Le gouvernement est conscient du risque. Le 13/5, Pékin a débloqué 90M² pour équiper les campagnes en matériel médical, afin de leur donner une chance de résister à la lame de fond. Le même jour, Hu adjura ses concitoyens (13/5) de ne pas baisser leur garde. Le 14, par décret, Wen Jiabao le 1er min. a menacé de limogeage tout cadre qui omettrait de rapporter «sous 2h» « ses » cas de SRAS, voire de prison, si son silence est cause de nouvelles contagions. Pour un hôpital, sa licence sera révoquée.
Enfin le 15, le Président de la Cour Suprême, en une interprétation extrême de la loi de lutte des contagions, menaçait de prison voire d’exécution quiconque fuit une 40aine et met la vie d’autrui en danger de SARS : on ne joue plus ! Tous ces moyens sont là pour donner l’image d’un régime soudain en mutation (plus que le virus!), prêt à toutes les adaptations pour sauver la base de sa stabilité : ses IDE, qui ont baissé au mois d’avril (4,7MM$, +37%), ses exports (35,6MM$, +33%), sa croissance (+8,9%) : sa capacité à demeurer « l’usine du monde » au XXI. siècle!
Le Bureau de gestion des désastres sera d’ici 2 à 3 mois la nouvelle émanation du Conseil d’Etat, regroupant plusieurs ministères et commissions. Issu de la crise du SRAS, cette structure a été conçue en quelques semaines par l’Institut national d’administration, sur le modèle de la US Federal Emergency Management Administration. Elle sera dotée de vastes pouvoirs, pour répondre à toute épidémie, tout empoisonnement massif (comme celui ayant frappé en mars 3000 lycéens du Liaoning) et autre menace à la santé. Il imposera aux provinces de réserver des fonds d’urgence, dont il aura la charge, recentralisant des aides jusqu’alors atomisées entre donneurs s’ignorant mutuellement. Il pourra aussi sévir contre les cadres tentant d’étouffer une catastrophe (comme dans l’affaire du Liaoning).
Il rédigera aussi les plans de catastrophe, et mettra sur pied des réponses à différents scénarios.
Le 12/5, en un éclair (16 jours), le Conseil d’Etat (Wen Jiabao) a sorti une série de règlements (54 articles) afin d’encadrer la gestion de ces risques publics : ils serviront de cadre à la nouvelle administration.

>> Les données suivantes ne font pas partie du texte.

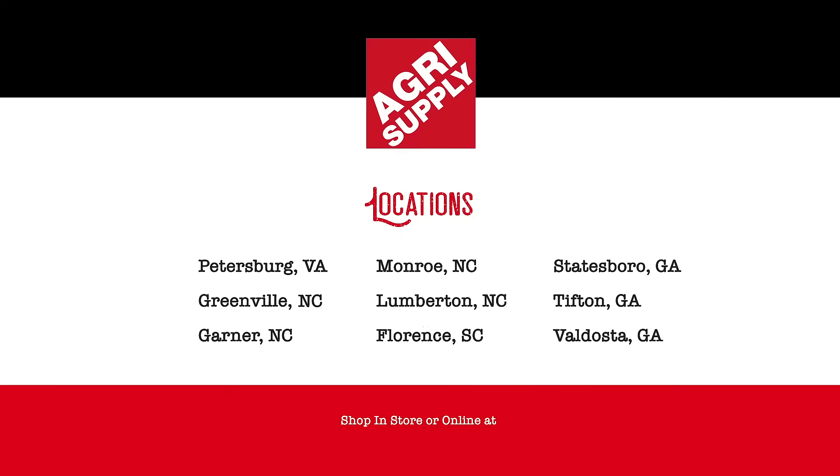Visit one of our nine retail locations or visit us online at agrisupply.com. Our knowledgeable and friendly teams look forward to seeing you. AgriSupply — it's what's inside.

Ainsi la Chine se dote d’un outil spécialisé dans la lutte anti-catastrophe, apanage jusqu’alors des pays riches. Mais avec deux limites :
]Si le désastre intervient sous domaine militaire (source de 8% des cas de SRAS), sa compétence disparaîtra probablement.
]Et selon le prof. Zhang Shuguang (Pékin, Institut d’Economie), «dans tout système de réponse rapide aux catastrophes, un élément est crucial-la liberté de l’information» – elle manque encore !

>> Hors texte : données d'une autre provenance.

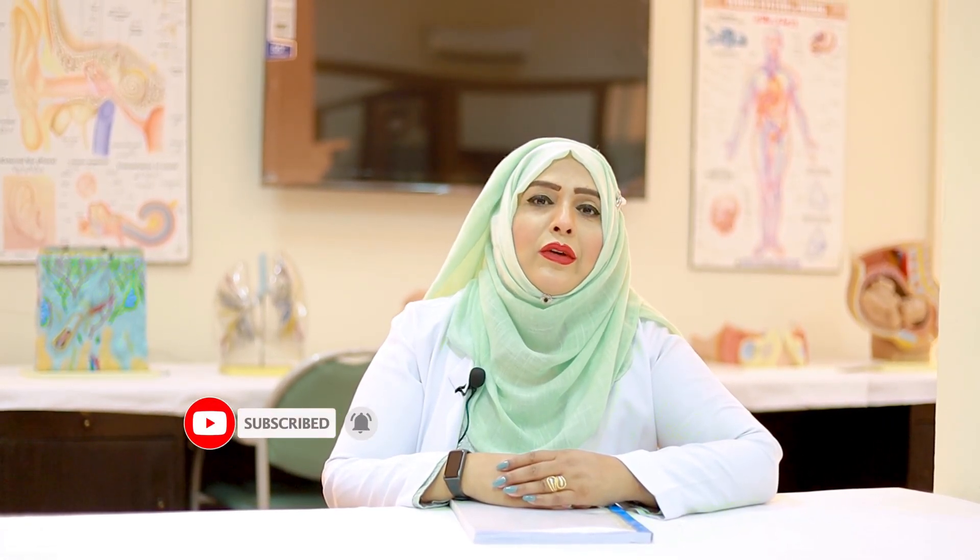Assalamu alaikum, my name is Naseem Arfiq. How are you students? Please don't forget to subscribe my channel and like my channel. So today we are going to learn eye bandaging.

— En sept. 2002, Newbridge, compagnie d’investissement californienne, frappait un coup de cymbale au Landernau bancaire étranger en Chine, en annonçant la prise de contrôle de 17,9% de la Shenzhen Development Bank, dont il devenait le 1er actionnaire (les 3/4 de ses parts étant atomisées entre un actionnariat de petits porteurs). Cet accord était unique, car il contournait un règlement plafonnant à 15% toute participation étrangère à une banque locale, destiné à empêcher toute prise de contrôle par l’étranger. Ce qui ne l’avait empêché d’être sanctifié par le Conseil d’Etat, la CSRC et la BPdC. Il ne restait qu’à fixer le prix du rachat—en février, Newbridge suggérait même un deal déjà convenu –environ 120M$– avec les 4 Cies financières municipales détentrices de 18,2%. Mais depuis le 12/5, rien ne va plus: la Shenzhen Development Bank annonce la rupture unilatérale de l’accord, et Newbridge insiste que l’accord signé est contraignant.

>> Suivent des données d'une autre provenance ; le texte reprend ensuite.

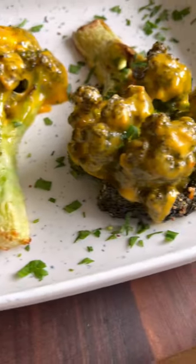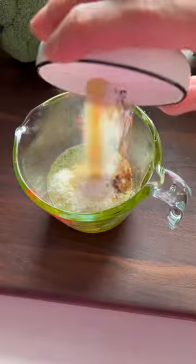Cheesy burnt broccoli is the best broccoli, and there's one secret to getting them so extra crispy. Start off by peeling your stalks, then brush them with a seasoned olive oil parm mixture.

Que s’est-il passé? Secret d’affaire. Les analystes spéculent sur un blocage par la nouvelle tutelle CBRC. Si tel est le cas, la décision chinoise serait définitive. Privé de son accès au capital (20MM$) et aux 198 succursales de SDB, Newbridge n’aurait plus que ses yeux pour pleurer, ramenée au même starting block que ses concurrents, devant attendre 4 ans pour vendre du RMB sans entraves, et limiter dans l’intervalle ses ouvertures d’agences à une par an!
Comment rebondir quand on est dans la bière, soudain déconseillée par l’Etat et la médecine (comme tout alcool) aux temps du SRAS? N°2 chinois (13% du marché), Tsingtao voyait son chiffre mousser d’un maigre +11% au 1er trim. -il en espérait 40% pour 2003, renforcé par l’apport d’Anheuser-Busch, le n°1 mondial (US), qui venait de consolider à 27% son contrôle du groupe. En avril, ses ventes fondirent même de 15% : normal, 30% d’entre elles ayant lieu en bars et restaurants, aux trois quarts fermés.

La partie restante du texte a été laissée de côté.